### Problem description
Start to finish, the listing must be rewritten exactly.
※ ※ ※
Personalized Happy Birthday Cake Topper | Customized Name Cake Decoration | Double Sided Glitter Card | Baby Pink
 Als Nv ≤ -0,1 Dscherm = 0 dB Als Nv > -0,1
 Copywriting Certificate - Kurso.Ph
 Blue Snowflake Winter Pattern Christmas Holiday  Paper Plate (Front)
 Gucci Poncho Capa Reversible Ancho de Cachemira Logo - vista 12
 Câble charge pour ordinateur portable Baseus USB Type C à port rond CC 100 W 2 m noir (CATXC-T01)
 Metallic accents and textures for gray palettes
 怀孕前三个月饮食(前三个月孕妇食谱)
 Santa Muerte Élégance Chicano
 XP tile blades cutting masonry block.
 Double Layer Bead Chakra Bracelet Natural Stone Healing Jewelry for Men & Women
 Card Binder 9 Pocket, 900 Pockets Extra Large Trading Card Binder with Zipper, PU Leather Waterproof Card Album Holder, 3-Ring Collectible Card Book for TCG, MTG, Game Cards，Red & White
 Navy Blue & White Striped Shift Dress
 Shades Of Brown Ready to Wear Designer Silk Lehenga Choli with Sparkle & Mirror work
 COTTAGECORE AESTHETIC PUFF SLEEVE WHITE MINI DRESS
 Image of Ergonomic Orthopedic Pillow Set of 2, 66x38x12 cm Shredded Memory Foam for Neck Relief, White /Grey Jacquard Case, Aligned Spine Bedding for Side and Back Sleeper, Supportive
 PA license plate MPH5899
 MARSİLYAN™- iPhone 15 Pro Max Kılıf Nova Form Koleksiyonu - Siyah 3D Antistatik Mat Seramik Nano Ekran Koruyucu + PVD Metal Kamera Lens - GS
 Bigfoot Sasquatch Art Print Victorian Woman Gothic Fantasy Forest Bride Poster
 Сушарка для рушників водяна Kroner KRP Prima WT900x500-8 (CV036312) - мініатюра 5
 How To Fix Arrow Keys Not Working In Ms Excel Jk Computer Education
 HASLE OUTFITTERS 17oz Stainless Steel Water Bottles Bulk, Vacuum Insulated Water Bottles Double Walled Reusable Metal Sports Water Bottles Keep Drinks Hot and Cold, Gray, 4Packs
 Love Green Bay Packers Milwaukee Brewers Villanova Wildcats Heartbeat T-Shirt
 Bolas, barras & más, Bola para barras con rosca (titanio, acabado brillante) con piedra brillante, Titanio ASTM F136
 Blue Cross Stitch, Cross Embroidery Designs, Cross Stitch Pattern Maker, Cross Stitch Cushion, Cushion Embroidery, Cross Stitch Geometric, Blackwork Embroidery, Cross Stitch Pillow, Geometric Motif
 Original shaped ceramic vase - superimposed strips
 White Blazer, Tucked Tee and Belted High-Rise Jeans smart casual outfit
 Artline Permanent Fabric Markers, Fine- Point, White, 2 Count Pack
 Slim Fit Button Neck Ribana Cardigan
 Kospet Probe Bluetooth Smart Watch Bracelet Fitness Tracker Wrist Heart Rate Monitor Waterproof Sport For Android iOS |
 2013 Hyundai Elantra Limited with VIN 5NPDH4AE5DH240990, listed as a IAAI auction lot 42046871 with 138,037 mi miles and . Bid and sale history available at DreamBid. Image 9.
※ ※ ※
### Reply
Personalized Happy Birthday Cake Topper | Customized Name Cake Decoration | Double Sided Glitter Card | Baby Pink
 Als Nv ≤ -0,1 Dscherm = 0 dB Als Nv > -0,1
 Copywriting Certificate - Kurso.Ph
 Blue Snowflake Winter Pattern Christmas Holiday  Paper Plate (Front)
 Gucci Poncho Capa Reversible Ancho de Cachemira Logo - vista 12
 Câble charge pour ordinateur portable Baseus USB Type C à port rond CC 100 W 2 m noir (CATXC-T01)
 Metallic accents and textures for gray palettes
 怀孕前三个月饮食(前三个月孕妇食谱)
 Santa Muerte Élégance Chicano
 XP tile blades cutting masonry block.
 Double Layer Bead Chakra Bracelet Natural Stone Healing Jewelry for Men & Women
 Card Binder 9 Pocket, 900 Pockets Extra Large Trading Card Binder with Zipper, PU Leather Waterproof Card Album Holder, 3-Ring Collectible Card Book for TCG, MTG, Game Cards，Red & White
 Navy Blue & White Striped Shift Dress
 Shades Of Brown Ready to Wear Designer Silk Lehenga Choli with Sparkle & Mirror work
 COTTAGECORE AESTHETIC PUFF SLEEVE WHITE MINI DRESS
 Image of Ergonomic Orthopedic Pillow Set of 2, 66x38x12 cm Shredded Memory Foam for Neck Relief, White /Grey Jacquard Case, Aligned Spine Bedding for Side and Back Sleeper, Supportive
 PA license plate MPH5899
 MARSİLYAN™- iPhone 15 Pro Max Kılıf Nova Form Koleksiyonu - Siyah 3D Antistatik Mat Seramik Nano Ekran Koruyucu + PVD Metal Kamera Lens - GS
 Bigfoot Sasquatch Art Print Victorian Woman Gothic Fantasy Forest Bride Poster
 Сушарка для рушників водяна Kroner KRP Prima WT900x500-8 (CV036312) - мініатюра 5
 How To Fix Arrow Keys Not Working In Ms Excel Jk Computer Education
 HASLE OUTFITTERS 17oz Stainless Steel Water Bottles Bulk, Vacuum Insulated Water Bottles Double Walled Reusable Metal Sports Water Bottles Keep Drinks Hot and Cold, Gray, 4Packs
 Love Green Bay Packers Milwaukee Brewers Villanova Wildcats Heartbeat T-Shirt
 Bolas, barras & más, Bola para barras con rosca (titanio, acabado brillante) con piedra brillante, Titanio ASTM F136
 Blue Cross Stitch, Cross Embroidery Designs, Cross Stitch Pattern Maker, Cross Stitch Cushion, Cushion Embroidery, Cross Stitch Geometric, Blackwork Embroidery, Cross Stitch Pillow, Geometric Motif
 Original shaped ceramic vase - superimposed strips
 White Blazer, Tucked Tee and Belted High-Rise Jeans smart casual outfit
 Artline Permanent Fabric Markers, Fine- Point, White, 2 Count Pack
 Slim Fit Button Neck Ribana Cardigan
 Kospet Probe Bluetooth Smart Watch Bracelet Fitness Tracker Wrist Heart Rate Monitor Waterproof Sport For Android iOS |
 2013 Hyundai Elantra Limited with VIN 5NPDH4AE5DH240990, listed as a IAAI auction lot 42046871 with 138,037 mi miles and . Bid and sale history available at DreamBid. Image 9.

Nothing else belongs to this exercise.